§ **Task requirements**
For this task, output every entry below exactly and omit the pictures.

§ **Data extracts**
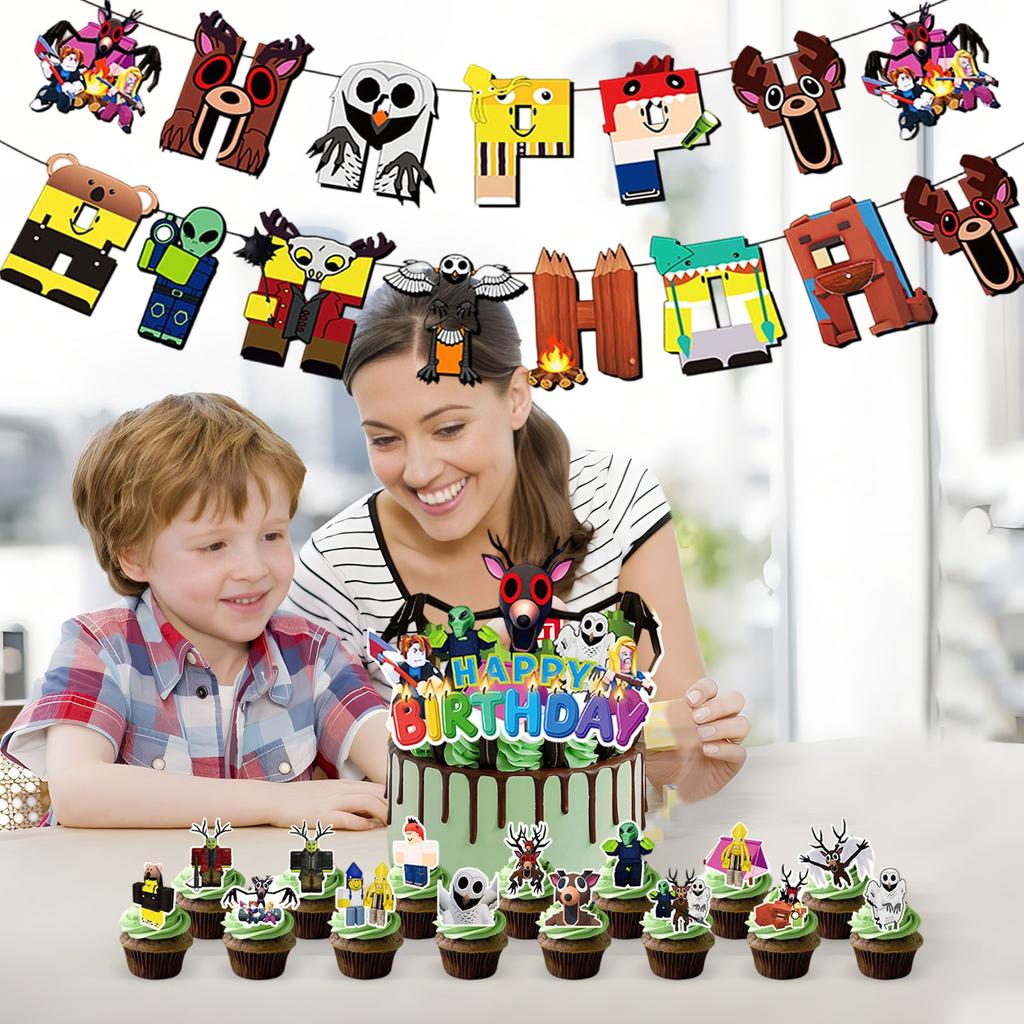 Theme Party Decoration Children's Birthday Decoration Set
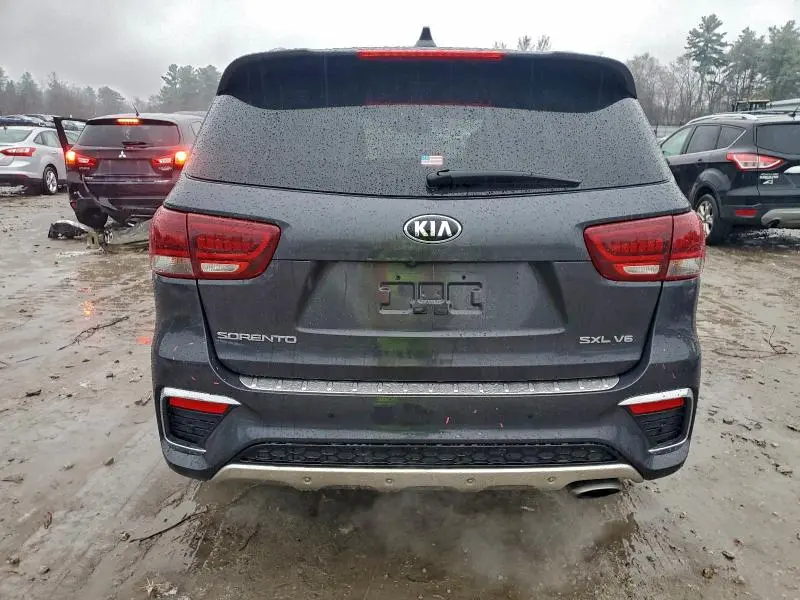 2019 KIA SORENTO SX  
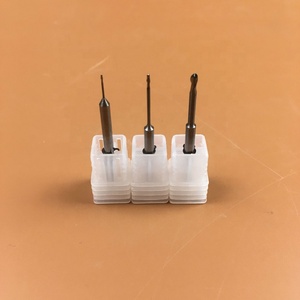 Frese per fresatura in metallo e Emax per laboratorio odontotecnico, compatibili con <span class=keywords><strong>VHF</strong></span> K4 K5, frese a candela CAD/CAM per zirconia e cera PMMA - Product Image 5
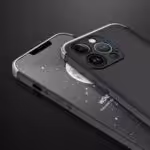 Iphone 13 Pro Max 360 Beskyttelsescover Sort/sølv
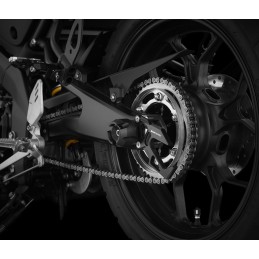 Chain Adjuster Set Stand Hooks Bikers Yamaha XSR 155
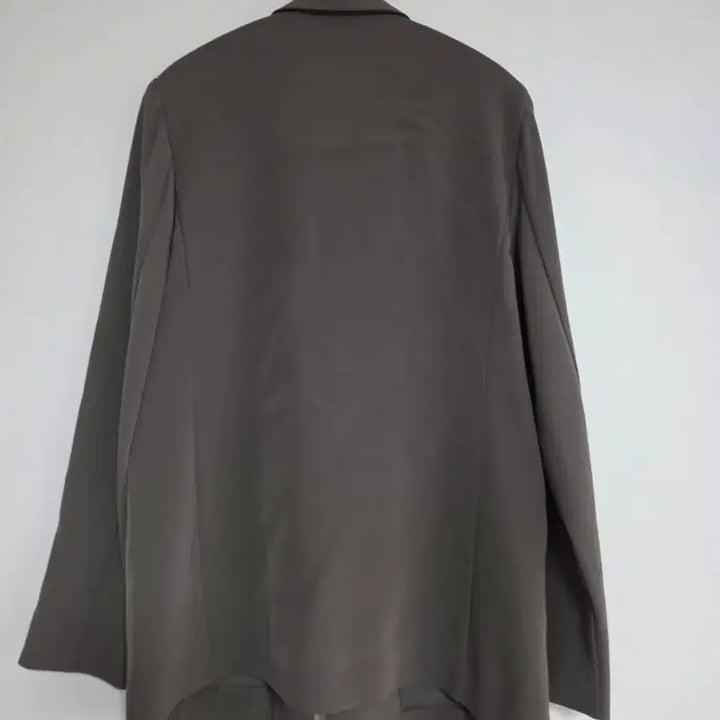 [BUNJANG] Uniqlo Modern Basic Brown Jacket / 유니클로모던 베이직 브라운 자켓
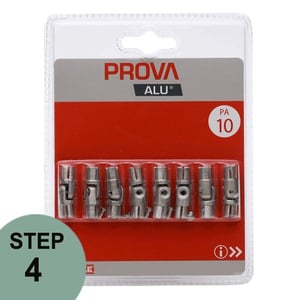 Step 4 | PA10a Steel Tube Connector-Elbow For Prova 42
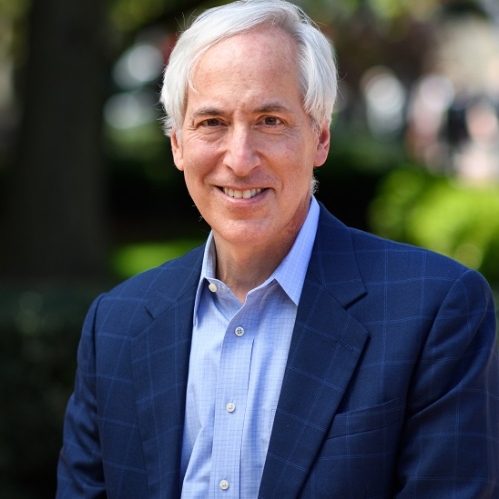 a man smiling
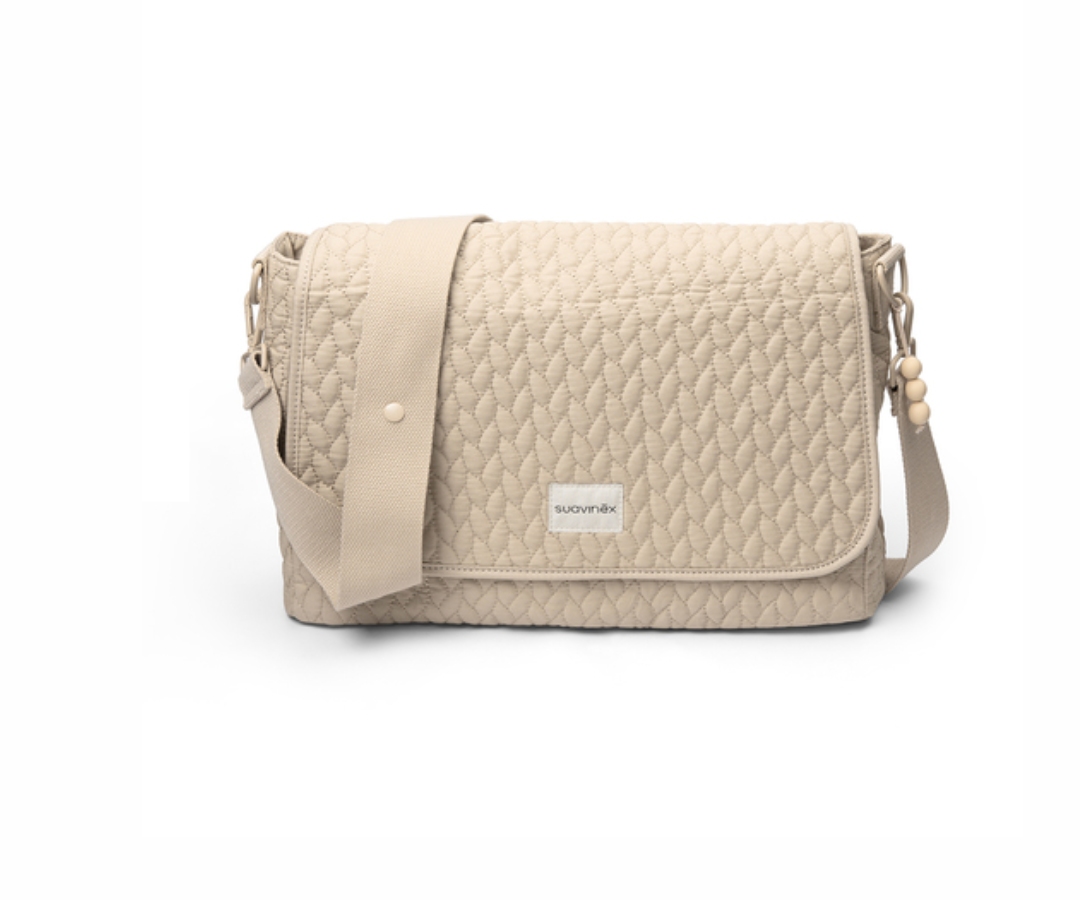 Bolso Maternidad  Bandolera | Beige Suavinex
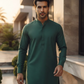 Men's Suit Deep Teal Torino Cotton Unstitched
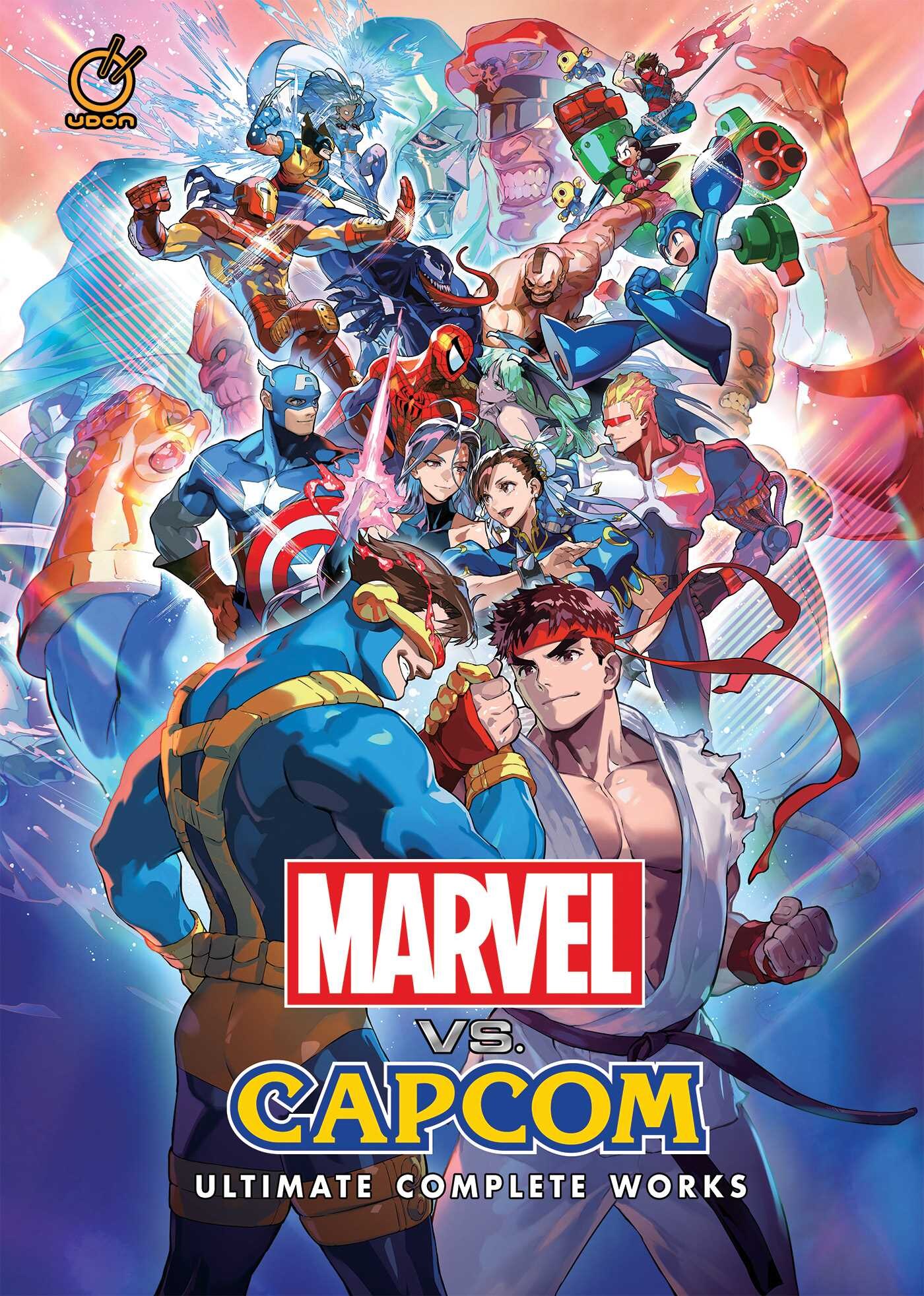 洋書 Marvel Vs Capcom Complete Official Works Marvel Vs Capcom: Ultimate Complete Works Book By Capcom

§ **Output for this task**
 Theme Party Decoration Children's Birthday Decoration Set
 2019 KIA SORENTO SX  
 Frese per fresatura in metallo e Emax per laboratorio odontotecnico, compatibili con <span class=keywords><strong>VHF</strong></span> K4 K5, frese a candela CAD/CAM per zirconia e cera PMMA - Product Image 5
 Iphone 13 Pro Max 360 Beskyttelsescover Sort/sølv
 Chain Adjuster Set Stand Hooks Bikers Yamaha XSR 155
 [BUNJANG] Uniqlo Modern Basic Brown Jacket / 유니클로모던 베이직 브라운 자켓
 Step 4 | PA10a Steel Tube Connector-Elbow For Prova 42
 a man smiling
 Bolso Maternidad  Bandolera | Beige Suavinex
 Men's Suit Deep Teal Torino Cotton Unstitched
 洋書 Marvel Vs Capcom Complete Official Works Marvel Vs Capcom: Ultimate Complete Works Book By Capcom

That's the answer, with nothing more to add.